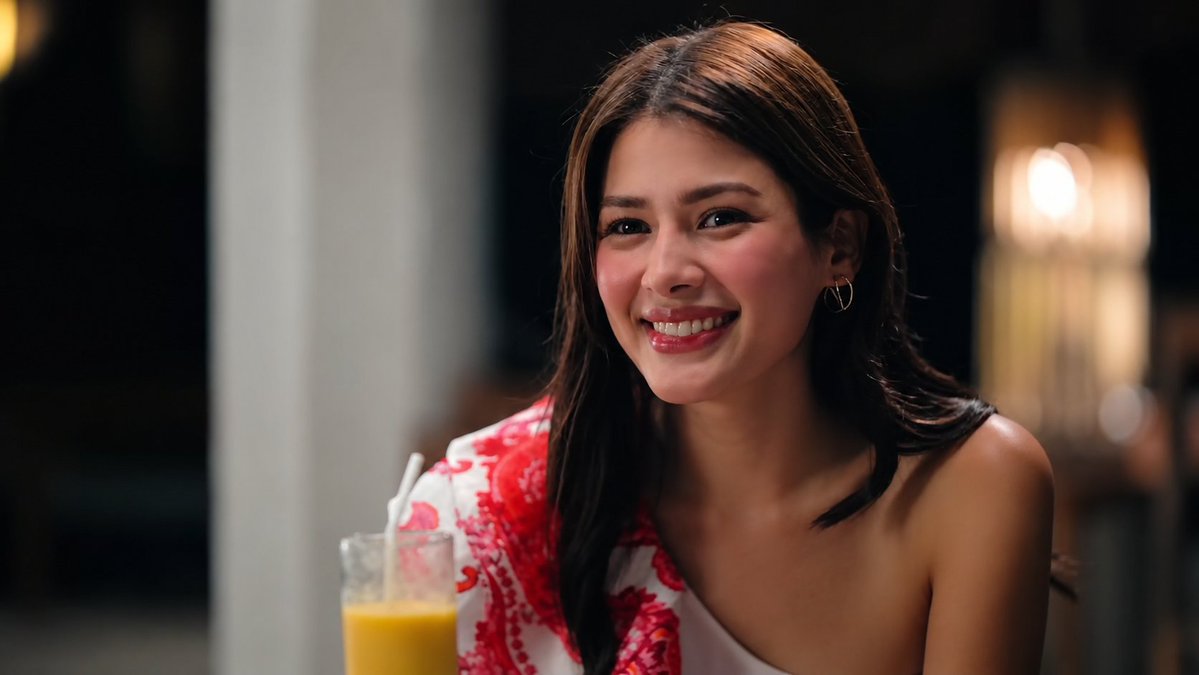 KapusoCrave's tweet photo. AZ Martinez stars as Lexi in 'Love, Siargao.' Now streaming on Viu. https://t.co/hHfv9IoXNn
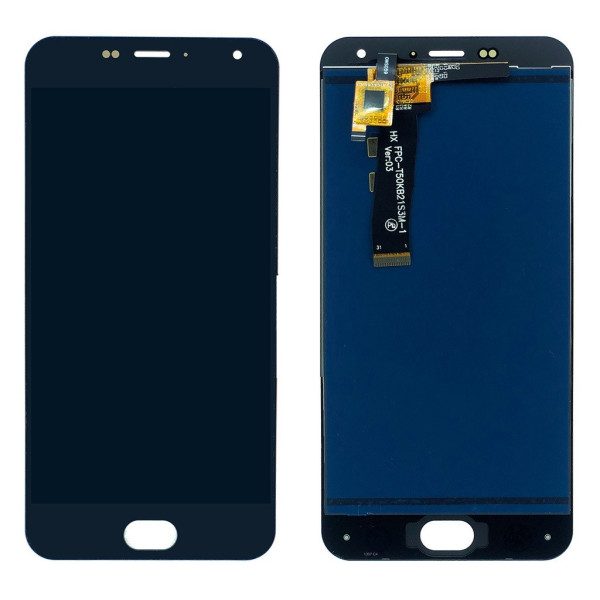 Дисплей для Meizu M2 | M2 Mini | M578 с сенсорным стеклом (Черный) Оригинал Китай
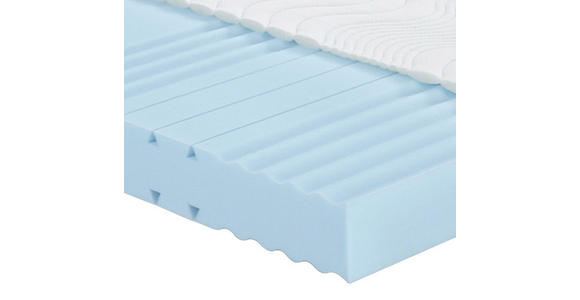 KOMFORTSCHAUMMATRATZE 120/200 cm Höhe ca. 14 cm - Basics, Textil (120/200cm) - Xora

------------------------------------------------------------

* AIM OF THE TASK
Transcribe all lines above exactly, skipping pictures.

* ANSWER
 KapusoCrave's tweet photo. AZ Martinez stars as Lexi in 'Love, Siargao.' Now streaming on Viu. https://t.co/hHfv9IoXNn
 Дисплей для Meizu M2 | M2 Mini | M578 с сенсорным стеклом (Черный) Оригинал Китай
 KOMFORTSCHAUMMATRATZE 120/200 cm Höhe ca. 14 cm - Basics, Textil (120/200cm) - Xora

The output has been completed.